[Crawled caption data]
:::

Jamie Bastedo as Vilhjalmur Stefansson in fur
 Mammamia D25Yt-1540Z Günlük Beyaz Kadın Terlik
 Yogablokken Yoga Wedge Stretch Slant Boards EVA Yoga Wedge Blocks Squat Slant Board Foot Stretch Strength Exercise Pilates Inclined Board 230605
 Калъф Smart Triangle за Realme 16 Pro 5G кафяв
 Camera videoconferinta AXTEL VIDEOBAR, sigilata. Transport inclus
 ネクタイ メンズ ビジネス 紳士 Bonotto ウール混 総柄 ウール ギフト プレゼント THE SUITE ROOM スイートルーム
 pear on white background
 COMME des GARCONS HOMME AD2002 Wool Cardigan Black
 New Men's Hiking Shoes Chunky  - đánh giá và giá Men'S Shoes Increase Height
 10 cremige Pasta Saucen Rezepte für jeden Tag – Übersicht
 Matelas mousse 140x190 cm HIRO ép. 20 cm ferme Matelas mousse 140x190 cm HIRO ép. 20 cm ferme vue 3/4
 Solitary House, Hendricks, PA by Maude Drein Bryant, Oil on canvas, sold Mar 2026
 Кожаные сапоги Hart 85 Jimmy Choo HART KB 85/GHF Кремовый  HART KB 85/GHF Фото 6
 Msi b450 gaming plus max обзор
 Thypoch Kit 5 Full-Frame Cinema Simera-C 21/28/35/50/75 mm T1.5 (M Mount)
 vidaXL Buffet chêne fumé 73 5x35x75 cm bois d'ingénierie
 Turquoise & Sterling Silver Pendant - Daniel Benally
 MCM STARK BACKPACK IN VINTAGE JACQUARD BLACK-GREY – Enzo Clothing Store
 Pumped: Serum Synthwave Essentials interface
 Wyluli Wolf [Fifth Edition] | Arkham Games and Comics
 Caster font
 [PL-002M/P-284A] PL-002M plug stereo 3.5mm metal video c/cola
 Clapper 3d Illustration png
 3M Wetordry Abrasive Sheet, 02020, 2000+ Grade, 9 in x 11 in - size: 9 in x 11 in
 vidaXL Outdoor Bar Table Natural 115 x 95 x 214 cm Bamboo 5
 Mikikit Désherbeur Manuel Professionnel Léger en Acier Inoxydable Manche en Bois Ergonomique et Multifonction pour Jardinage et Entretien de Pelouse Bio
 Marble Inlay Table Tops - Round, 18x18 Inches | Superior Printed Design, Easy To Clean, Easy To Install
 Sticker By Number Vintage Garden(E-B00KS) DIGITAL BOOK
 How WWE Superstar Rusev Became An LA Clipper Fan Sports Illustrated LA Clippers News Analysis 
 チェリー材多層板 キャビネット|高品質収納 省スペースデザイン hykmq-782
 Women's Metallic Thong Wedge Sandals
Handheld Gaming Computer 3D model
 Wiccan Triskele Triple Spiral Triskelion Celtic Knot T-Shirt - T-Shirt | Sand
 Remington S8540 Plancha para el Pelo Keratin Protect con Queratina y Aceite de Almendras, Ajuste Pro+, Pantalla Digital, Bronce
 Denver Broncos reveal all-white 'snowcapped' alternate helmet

:::

Description of the task: Above are the records; print exactly the lines from the line with "Mikikit Désherbeur Manuel" to the line with "Wiccan Triskele Triple", including both, and nothing else.

Answer to the exercise:
 Mikikit Désherbeur Manuel Professionnel Léger en Acier Inoxydable Manche en Bois Ergonomique et Multifonction pour Jardinage et Entretien de Pelouse Bio
 Marble Inlay Table Tops - Round, 18x18 Inches | Superior Printed Design, Easy To Clean, Easy To Install
 Sticker By Number Vintage Garden(E-B00KS) DIGITAL BOOK
 How WWE Superstar Rusev Became An LA Clipper Fan Sports Illustrated LA Clippers News Analysis 
 チェリー材多層板 キャビネット|高品質収納 省スペースデザイン hykmq-782
 Women's Metallic Thong Wedge Sandals
Handheld Gaming Computer 3D model
 Wiccan Triskele Triple Spiral Triskelion Celtic Knot T-Shirt - T-Shirt | Sand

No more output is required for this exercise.